Every entry needs to be duplicated exactly.

··· Provided entries

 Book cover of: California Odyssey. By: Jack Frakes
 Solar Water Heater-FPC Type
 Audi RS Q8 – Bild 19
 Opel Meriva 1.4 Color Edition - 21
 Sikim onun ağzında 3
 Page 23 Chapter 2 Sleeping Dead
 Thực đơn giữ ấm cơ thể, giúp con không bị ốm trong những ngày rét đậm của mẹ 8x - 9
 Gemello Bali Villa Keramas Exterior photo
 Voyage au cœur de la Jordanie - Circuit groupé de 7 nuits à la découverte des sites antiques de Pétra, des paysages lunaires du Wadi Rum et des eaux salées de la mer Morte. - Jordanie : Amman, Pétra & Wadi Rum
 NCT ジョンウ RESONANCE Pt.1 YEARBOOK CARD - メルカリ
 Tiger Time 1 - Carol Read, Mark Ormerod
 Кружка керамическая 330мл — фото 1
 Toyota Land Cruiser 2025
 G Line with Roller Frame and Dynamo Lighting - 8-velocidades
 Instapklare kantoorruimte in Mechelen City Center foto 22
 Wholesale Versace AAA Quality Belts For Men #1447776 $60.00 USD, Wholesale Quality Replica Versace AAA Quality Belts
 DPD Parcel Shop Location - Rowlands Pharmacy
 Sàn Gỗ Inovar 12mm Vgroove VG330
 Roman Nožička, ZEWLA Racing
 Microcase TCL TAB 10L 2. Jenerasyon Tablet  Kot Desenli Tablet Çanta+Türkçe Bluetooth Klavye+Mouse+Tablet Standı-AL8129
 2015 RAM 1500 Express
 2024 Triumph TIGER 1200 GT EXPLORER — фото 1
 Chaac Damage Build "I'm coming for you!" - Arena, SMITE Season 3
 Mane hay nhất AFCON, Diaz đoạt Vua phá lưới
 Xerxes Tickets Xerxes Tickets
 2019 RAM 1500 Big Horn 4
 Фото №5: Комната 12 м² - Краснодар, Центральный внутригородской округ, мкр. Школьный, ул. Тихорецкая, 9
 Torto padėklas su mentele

······

» **Task response**
 Book cover of: California Odyssey. By: Jack Frakes
 Solar Water Heater-FPC Type
 Audi RS Q8 – Bild 19
 Opel Meriva 1.4 Color Edition - 21
 Sikim onun ağzında 3
 Page 23 Chapter 2 Sleeping Dead
 Thực đơn giữ ấm cơ thể, giúp con không bị ốm trong những ngày rét đậm của mẹ 8x - 9
 Gemello Bali Villa Keramas Exterior photo
 Voyage au cœur de la Jordanie - Circuit groupé de 7 nuits à la découverte des sites antiques de Pétra, des paysages lunaires du Wadi Rum et des eaux salées de la mer Morte. - Jordanie : Amman, Pétra & Wadi Rum
 NCT ジョンウ RESONANCE Pt.1 YEARBOOK CARD - メルカリ
 Tiger Time 1 - Carol Read, Mark Ormerod
 Кружка керамическая 330мл — фото 1
 Toyota Land Cruiser 2025
 G Line with Roller Frame and Dynamo Lighting - 8-velocidades
 Instapklare kantoorruimte in Mechelen City Center foto 22
 Wholesale Versace AAA Quality Belts For Men #1447776 $60.00 USD, Wholesale Quality Replica Versace AAA Quality Belts
 DPD Parcel Shop Location - Rowlands Pharmacy
 Sàn Gỗ Inovar 12mm Vgroove VG330
 Roman Nožička, ZEWLA Racing
 Microcase TCL TAB 10L 2. Jenerasyon Tablet  Kot Desenli Tablet Çanta+Türkçe Bluetooth Klavye+Mouse+Tablet Standı-AL8129
 2015 RAM 1500 Express
 2024 Triumph TIGER 1200 GT EXPLORER — фото 1
 Chaac Damage Build "I'm coming for you!" - Arena, SMITE Season 3
 Mane hay nhất AFCON, Diaz đoạt Vua phá lưới
 Xerxes Tickets Xerxes Tickets
 2019 RAM 1500 Big Horn 4
 Фото №5: Комната 12 м² - Краснодар, Центральный внутригородской округ, мкр. Школьный, ул. Тихорецкая, 9
 Torto padėklas su mentele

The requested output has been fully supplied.